Failover Example

Problem Description
Solution Concept
Details of the configuration

1. Problem Description

A proxy server should be backed up using the failover utilities, so that the second proxy takes over in case the main proxy fails. The user should hardly notice that she is now working with a different proxy, it should not be necessary to restart neither the proxy server, nor the browser.

Note that DNS cannot provide a solution for this problem, since the browser will resolve the name of the proxy only once. However, DNS round robin together with the failover utilities can give a natural load balancing solution with high availability.

2. Solution using the Failover Utilities

The proposed solution uses an additional IP address different from the main addresses of both machines, which will be active on a virtual interface of the active machine. Logically, This IP address is the service that is either active on the main or the backup machine.

To fix ideas let us consider two machines:

name ip address interface function

lukretia 193.5.25.27 hme0 master

macbeth 193.5.25.20 le0 slave

name	ip address	interface	function
lukretia	193.5.25.27	hme0	master
macbeth	193.5.25.20	le0	slave

Both systems happen to be Sun Systems running supported versions of Solaris 2.x.

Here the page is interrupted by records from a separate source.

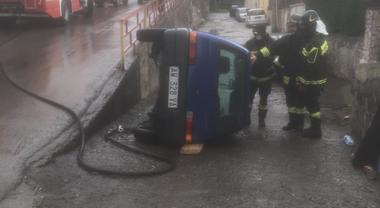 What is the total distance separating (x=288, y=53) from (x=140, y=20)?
32.3 feet

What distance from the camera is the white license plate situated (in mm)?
7570

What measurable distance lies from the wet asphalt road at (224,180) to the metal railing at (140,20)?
A: 13.7 ft

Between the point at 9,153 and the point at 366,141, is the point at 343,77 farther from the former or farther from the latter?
the point at 9,153

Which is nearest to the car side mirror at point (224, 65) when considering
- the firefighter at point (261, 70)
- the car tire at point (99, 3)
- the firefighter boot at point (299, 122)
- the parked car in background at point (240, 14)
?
the firefighter at point (261, 70)

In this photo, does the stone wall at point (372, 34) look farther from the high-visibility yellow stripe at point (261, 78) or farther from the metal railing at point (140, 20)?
the metal railing at point (140, 20)

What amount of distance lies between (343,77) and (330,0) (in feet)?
6.34

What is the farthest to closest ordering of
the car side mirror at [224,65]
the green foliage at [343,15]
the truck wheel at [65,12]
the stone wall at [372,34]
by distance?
1. the truck wheel at [65,12]
2. the green foliage at [343,15]
3. the stone wall at [372,34]
4. the car side mirror at [224,65]

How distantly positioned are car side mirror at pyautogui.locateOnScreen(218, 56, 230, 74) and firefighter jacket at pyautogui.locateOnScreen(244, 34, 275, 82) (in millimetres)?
1044

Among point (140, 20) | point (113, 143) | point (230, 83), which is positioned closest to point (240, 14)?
point (140, 20)

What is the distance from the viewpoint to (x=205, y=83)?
7629mm

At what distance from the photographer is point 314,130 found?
→ 8.66 meters

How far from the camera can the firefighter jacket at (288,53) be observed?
27.9ft

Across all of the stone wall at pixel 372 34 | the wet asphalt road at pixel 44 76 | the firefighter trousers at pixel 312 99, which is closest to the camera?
the wet asphalt road at pixel 44 76

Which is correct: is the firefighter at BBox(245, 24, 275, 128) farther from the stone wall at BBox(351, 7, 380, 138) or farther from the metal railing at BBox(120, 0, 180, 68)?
the metal railing at BBox(120, 0, 180, 68) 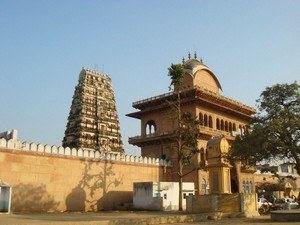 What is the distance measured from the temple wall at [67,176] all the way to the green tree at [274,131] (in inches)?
422

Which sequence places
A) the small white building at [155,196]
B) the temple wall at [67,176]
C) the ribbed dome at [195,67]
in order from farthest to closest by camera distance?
the ribbed dome at [195,67] < the small white building at [155,196] < the temple wall at [67,176]

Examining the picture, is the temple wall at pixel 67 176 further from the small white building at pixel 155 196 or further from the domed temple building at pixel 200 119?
the domed temple building at pixel 200 119

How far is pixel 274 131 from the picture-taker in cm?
2108

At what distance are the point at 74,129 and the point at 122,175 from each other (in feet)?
76.5

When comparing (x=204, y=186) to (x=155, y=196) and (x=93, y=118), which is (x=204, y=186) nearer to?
(x=155, y=196)

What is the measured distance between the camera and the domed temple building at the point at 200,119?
3334cm

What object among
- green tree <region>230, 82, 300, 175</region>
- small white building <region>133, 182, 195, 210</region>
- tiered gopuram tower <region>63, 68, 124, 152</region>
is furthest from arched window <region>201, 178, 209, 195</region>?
tiered gopuram tower <region>63, 68, 124, 152</region>

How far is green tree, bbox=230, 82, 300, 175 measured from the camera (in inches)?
830

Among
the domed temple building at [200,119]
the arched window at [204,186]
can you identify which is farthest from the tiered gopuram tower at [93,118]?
the arched window at [204,186]

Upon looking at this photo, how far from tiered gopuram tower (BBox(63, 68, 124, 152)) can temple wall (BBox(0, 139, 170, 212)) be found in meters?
20.7

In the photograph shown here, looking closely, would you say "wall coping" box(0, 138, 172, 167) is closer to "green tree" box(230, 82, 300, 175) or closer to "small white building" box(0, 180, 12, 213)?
"small white building" box(0, 180, 12, 213)

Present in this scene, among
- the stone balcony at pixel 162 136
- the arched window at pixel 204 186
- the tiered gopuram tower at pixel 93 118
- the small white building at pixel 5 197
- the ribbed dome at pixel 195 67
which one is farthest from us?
the tiered gopuram tower at pixel 93 118

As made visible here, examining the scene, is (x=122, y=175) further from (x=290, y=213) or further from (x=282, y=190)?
(x=282, y=190)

Failover should happen for the address 193.5.25.62. To use the failover utilities we have to make sure that the following process are implementated on the two machines:

On both machines, the software must be installed, and the faild must be started whenever the system is booted. Furthermore, the service named 193.5.25.62 must be registered in faild, in state FAIL.
On lukretia, failsh must be started with a configuration file that declares macbeth a slave.
On lukretia, the service 193.5.25.62 should be brought to the RECOVER state, so that failsh can start it as soon as it is sure that the service 193.5.25.62 is not provided by the slave (this is important to prevent duplicate IP addresses).
On macbeth, failsh must be started with a configuration file that declares macbeth a master.
On macbeth, the service 193.5.25.62 is brought to the RECOVER state to signal to the master that it could take over the service at any time.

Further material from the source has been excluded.